In the given reaction `C_6H_5-CH=CH-CH_3+HCl rarr[X]` [X] will be

To determine the product [X] formed from the reaction of the compound \( C_6H_5-CH=CH-CH_3 \) with HCl, we can follow these steps: ### Step 1: Identify the Reaction Type The reaction involves an alkene (the double bond between carbon atoms) reacting with HCl. This is an electrophilic addition reaction. ### Step 2: Protonation of the Alkene In the presence of HCl, the double bond will react with HCl. The first step is the protonation of the alkene.
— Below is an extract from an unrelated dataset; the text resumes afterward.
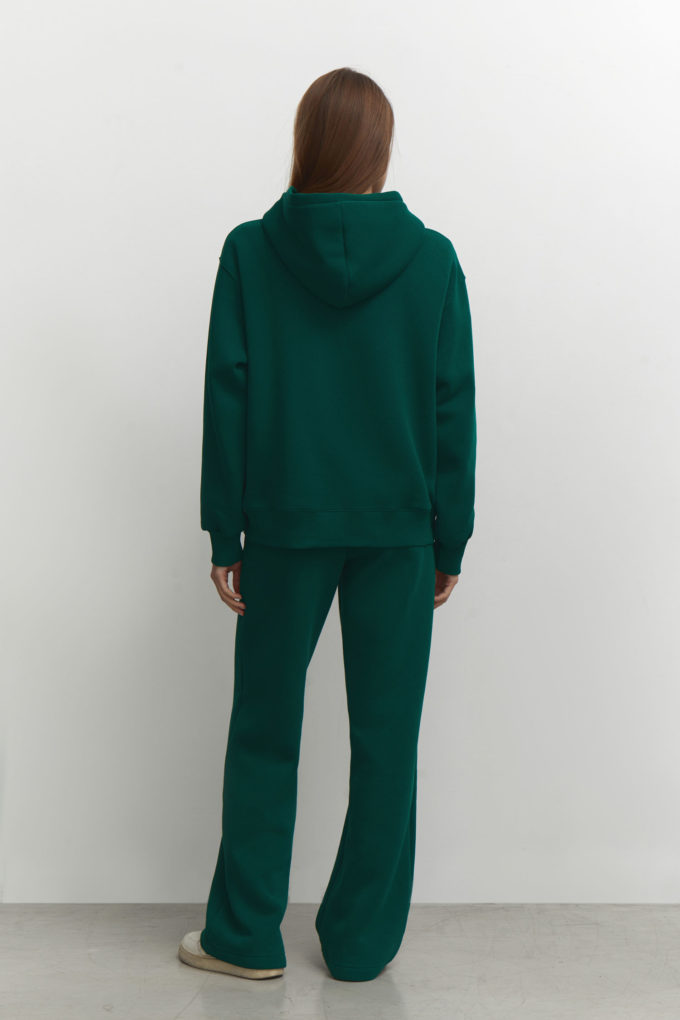 Hoodie with print in green photo 3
The double bond can either attack the hydrogen ion (H⁺) from HCl at carbon 1 or carbon 2. 1. **If H⁺ adds to carbon 1**: - The structure becomes: \[ C_6H_5-CH^+-CH_2-CH_3 \] - This forms a carbocation at carbon 1. 2. **If H⁺ adds to carbon 2**: - The structure becomes: \[ C_6H_5-CH_2-CH^+-CH_3 \] - This forms a carbocation at carbon 2. ### Step 3: Stability of Carbocations Next, we need to evaluate the stability of the two possible carbocations formed: - **Carbocation at Carbon 1**: - This carbocation is stabilized by resonance with the benzene ring. The positive charge can be delocalized over the aromatic system, making it more stable. - **Carbocation at Carbon 2**: - This carbocation is less stable because it is only stabilized by hyperconjugation from the adjacent alkyl group (methyl group). The positive charge is localized and not delocalized. ### Step 4: Nucleophilic Attack Since the carbocation at carbon 1 is more stable, it is the favored intermediate. The next step is the attack of the chloride ion (Cl⁻) on the carbocation: - The chloride ion will attack the more stable carbocation (at carbon 1), resulting in the formation of the product. ### Step 5: Final Product The final product [X] will be: \[ C_6H_5-CH(Cl)-CH_2-CH_3 \] This can be represented as: \[ C_6H_5-CHCl-CH_2-CH_3 \] ### Conclusion Thus, the product [X] formed from the reaction of \( C_6H_5-CH=CH-CH_3 \) with HCl is \( C_6H_5-CHCl-CH_2-CH_3 \). ---